DATA PROVIDED:
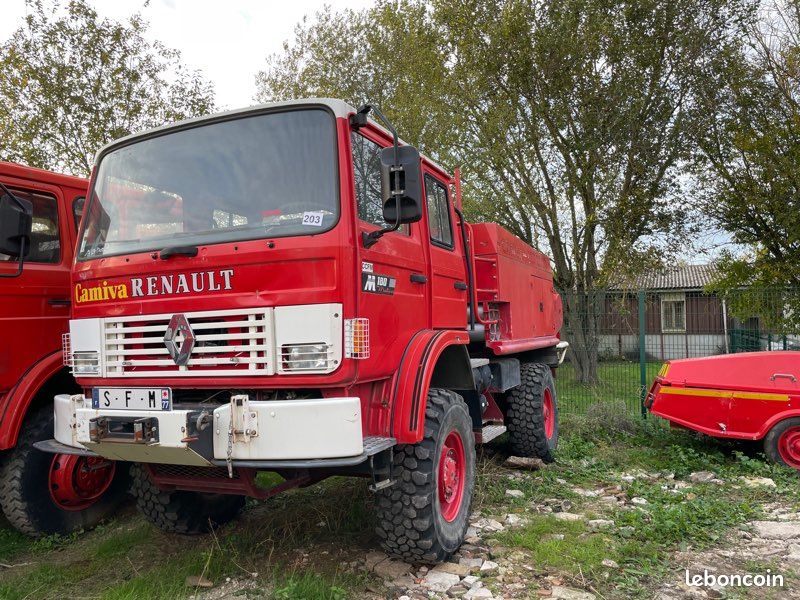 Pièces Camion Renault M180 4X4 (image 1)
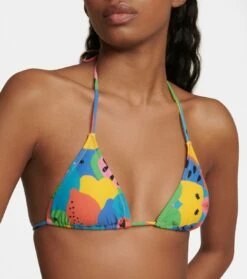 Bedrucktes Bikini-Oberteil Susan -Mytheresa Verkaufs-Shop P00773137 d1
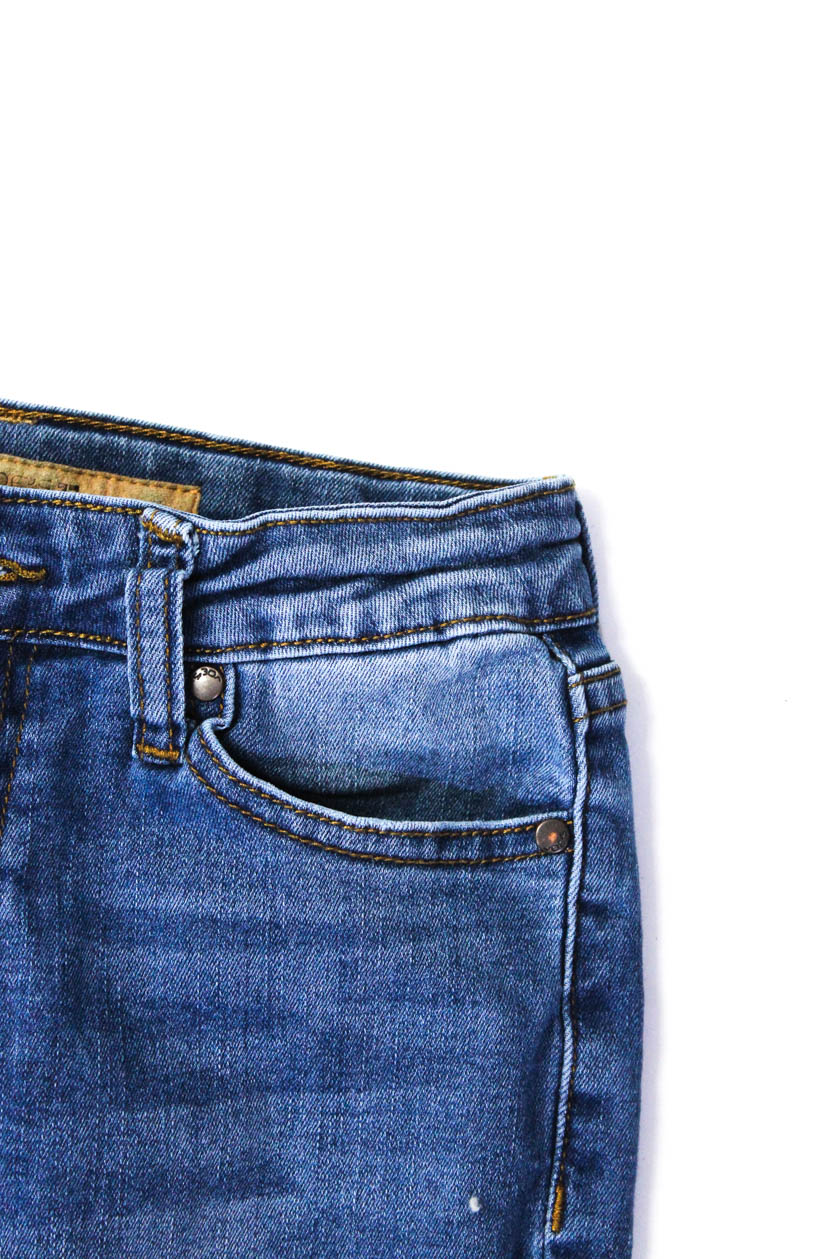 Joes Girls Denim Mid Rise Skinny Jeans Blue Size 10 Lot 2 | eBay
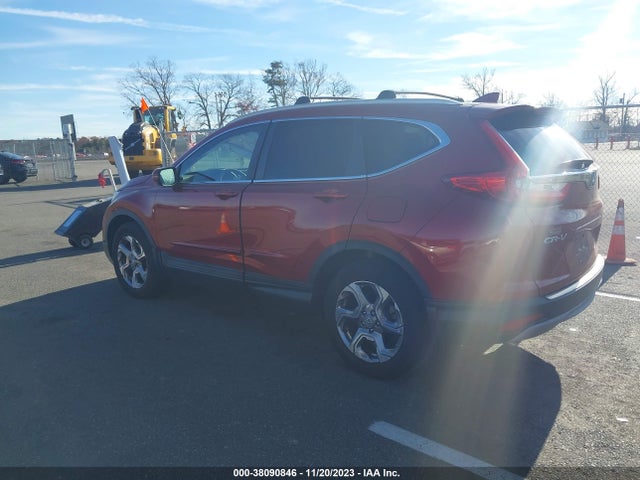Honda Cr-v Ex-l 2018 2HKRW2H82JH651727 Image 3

WORK ITEM:
Your answer must be an exact copy of the listing, with every picture omitted.

RESPONSE:
 Pièces Camion Renault M180 4X4 (image 1)
 Bedrucktes Bikini-Oberteil Susan -Mytheresa Verkaufs-Shop P00773137 d1
 Joes Girls Denim Mid Rise Skinny Jeans Blue Size 10 Lot 2 | eBay
Honda Cr-v Ex-l 2018 2HKRW2H82JH651727 Image 3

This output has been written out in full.